Issue parsing ZH-Hant locale
Hi.
This doesn't work:
dateparser.parse('2020年9月1日 下午6:25', languages=['zh-Hant'])
This works:
dateparser.parse('2020年9月1日 下午6:25', languages=['zh'])
This also works:
dateparser.parse('2020年9月1日 下午6:25', languages=['zh-Hant', 'zh'])
It's weird because I can see all the info in https://github.com/scrapinghub/dateparser/blob/master/dateparser_data/cldr_language_data/date_translation_data/zh-Hant.json , but it also needs "zh" just to make it work.
Using latest 1.0.0 version, Python 3.8.
Thank you!
Hi,
The zh.yaml file has additional simplification rules: https://github.com/Workable/python-dateparser/blob/master/dateparser_data/supplementary_language_data/date_translation_data/zh.yaml#L41-L49
I've had a similar problem with simplified Chinese, and adding these rules into the zh_Hans.yaml did the trick.
However, we would probably need a native Chinese speaker to work on a fix.
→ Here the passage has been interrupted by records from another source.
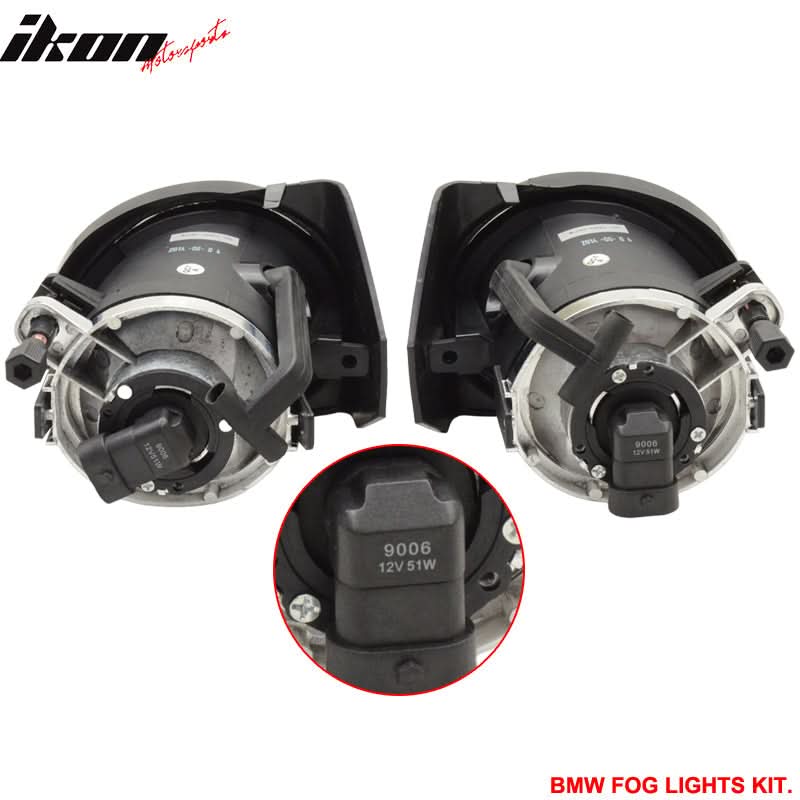Fits 99-06 BMW E46 2Dr M3 PP Front Bumper + Fog Light Cover + Fog Lamp
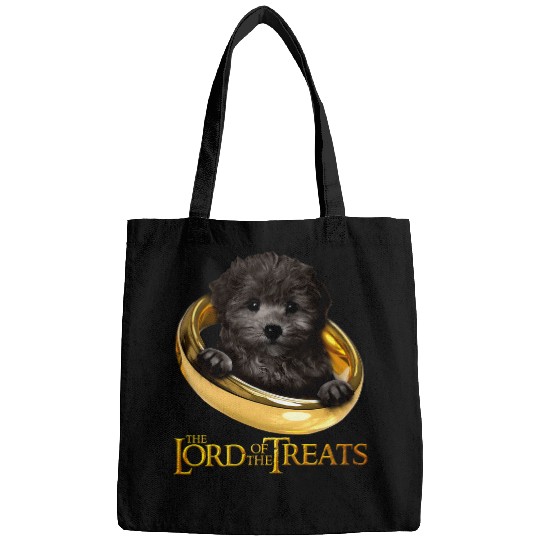 Lord of the Treats Cute Black Labradoodle Puppy Bags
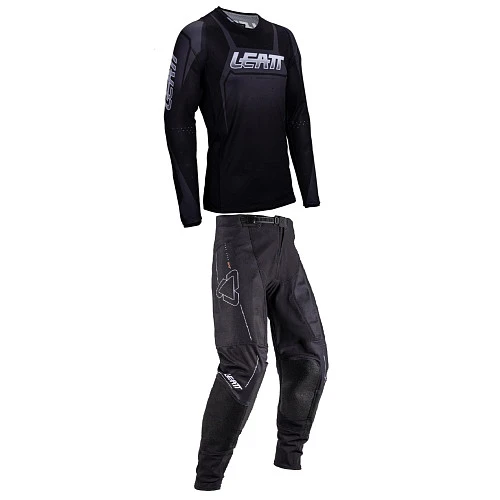 Leatt Moto 4.5 Black / Stealth комплект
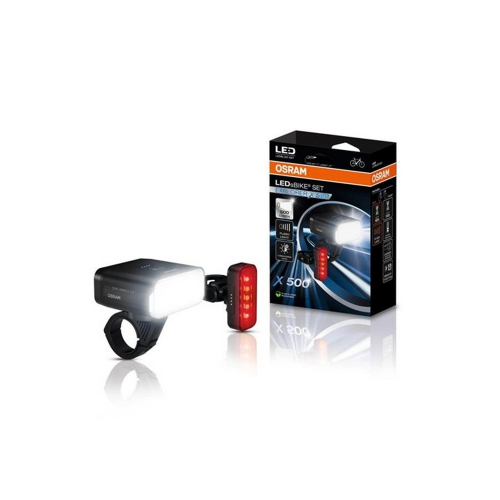 OSRAM LEDsBIKE EXPLORER X 500 SET zapnutý pri balení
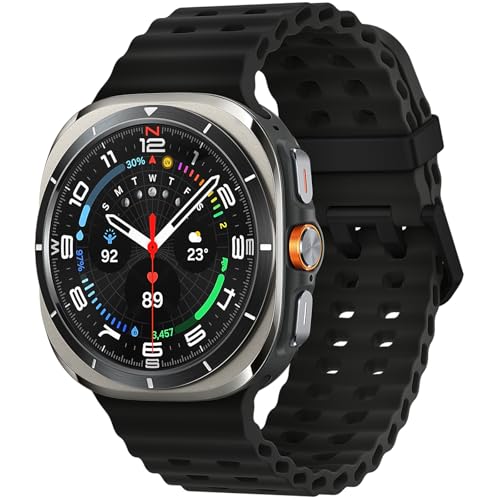 Marine Sport Armband Kompatibel mit Samsung Galaxy Watch Ultra Uhrenarmband Herren Damen, Atmungsaktive Weiche Silikon Ocean Wasserbeständig Armbänder für Galaxy Watch Ultra 47mm, No-Gap One Click Marine Sport Armband Kompatibel mit Samsung Galaxy Watch Ultra Uhrenarmband Herren Damen, Atmungsaktive Weiche Silikon Ocean Wasserbeständig Armbänder für Galaxy Watch Ultra 47mm, No-Gap One Click von Msksjer
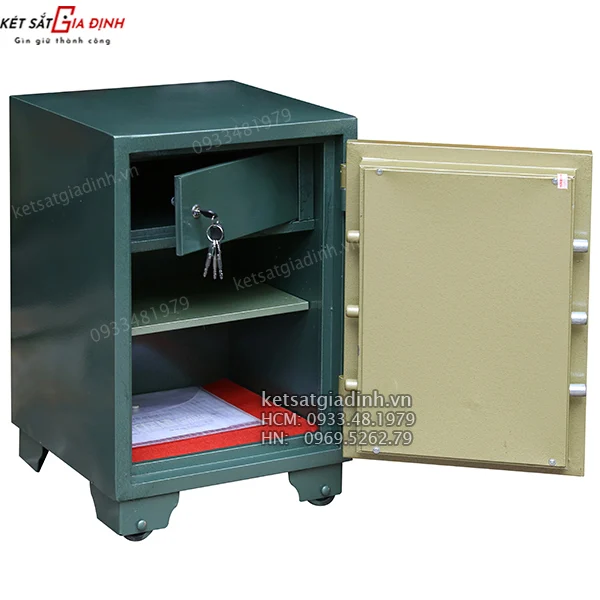 Két sắt mã cơ Kim Bảo KBC62 chống cháy 3 Ngăn trong rộng rãi của két sắt Kim Bảo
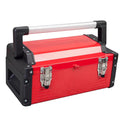 JACK BOSS Metal Tool Box Steel 16" Inch Tool Organizer Box Durable Portable Tool Storage with Double-Lock Toolbox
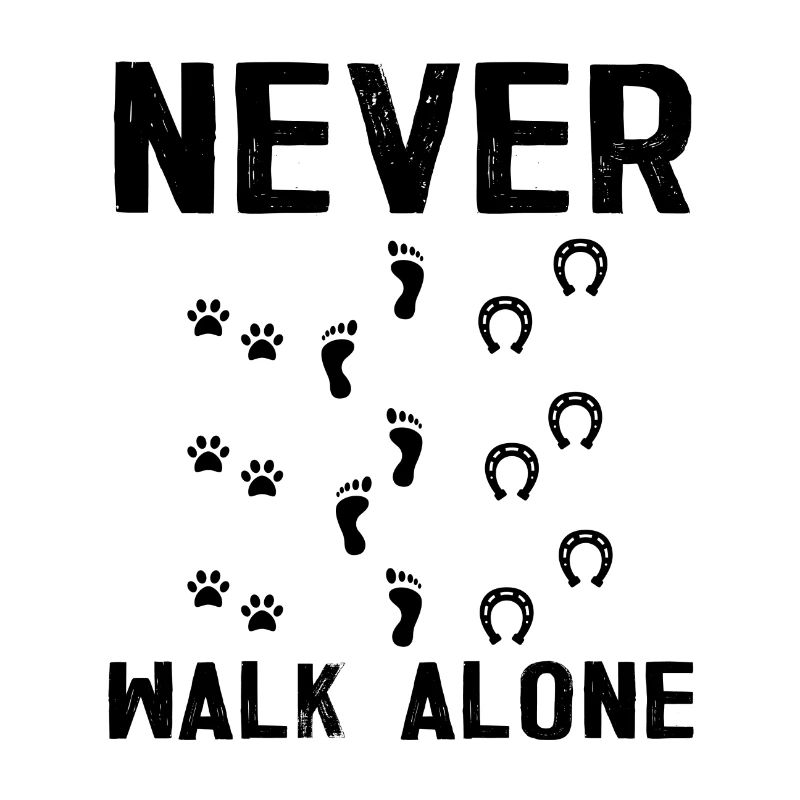 Never walk alone Reiter Pferd Katze Hund Geschenk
Edit: shouldn't zh and zh_Hans be the same language wit the same rules? Since simplified script is the default for Chinese, according to the CLDR: https://st.unicode.org/cldr-apps/v#/zh_Hans
Edit: I've opened another issue for simplified Chinese. It's not the same problem as traditional Chinese is different, but it can be related.